RECORDS FOR THIS TASK:
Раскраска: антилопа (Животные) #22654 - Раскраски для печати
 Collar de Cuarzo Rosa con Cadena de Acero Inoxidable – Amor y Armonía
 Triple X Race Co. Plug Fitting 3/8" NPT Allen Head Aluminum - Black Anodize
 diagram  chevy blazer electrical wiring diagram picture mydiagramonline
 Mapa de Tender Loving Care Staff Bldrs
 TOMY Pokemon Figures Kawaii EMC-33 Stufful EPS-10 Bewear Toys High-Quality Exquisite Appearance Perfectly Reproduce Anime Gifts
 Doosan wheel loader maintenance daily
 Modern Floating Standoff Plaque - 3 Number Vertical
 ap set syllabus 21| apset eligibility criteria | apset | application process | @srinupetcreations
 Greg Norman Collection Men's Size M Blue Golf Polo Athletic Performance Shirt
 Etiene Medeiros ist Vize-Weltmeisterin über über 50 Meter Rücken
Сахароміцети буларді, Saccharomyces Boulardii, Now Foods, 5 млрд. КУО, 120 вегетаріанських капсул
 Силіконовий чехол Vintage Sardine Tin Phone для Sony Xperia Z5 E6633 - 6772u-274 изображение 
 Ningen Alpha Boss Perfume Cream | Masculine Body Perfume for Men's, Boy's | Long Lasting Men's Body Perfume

YOUR OBJECTIVE: Could you write out only the lines of the listing above from the one that contains "Doosan wheel loader maintenance daily" through its final line, exactly and inclusive?

ANSWER AREA:
 Doosan wheel loader maintenance daily
 Modern Floating Standoff Plaque - 3 Number Vertical
 ap set syllabus 21| apset eligibility criteria | apset | application process | @srinupetcreations
 Greg Norman Collection Men's Size M Blue Golf Polo Athletic Performance Shirt
 Etiene Medeiros ist Vize-Weltmeisterin über über 50 Meter Rücken
Сахароміцети буларді, Saccharomyces Boulardii, Now Foods, 5 млрд. КУО, 120 вегетаріанських капсул
 Силіконовий чехол Vintage Sardine Tin Phone для Sony Xperia Z5 E6633 - 6772u-274 изображение 
 Ningen Alpha Boss Perfume Cream | Masculine Body Perfume for Men's, Boy's | Long Lasting Men's Body Perfume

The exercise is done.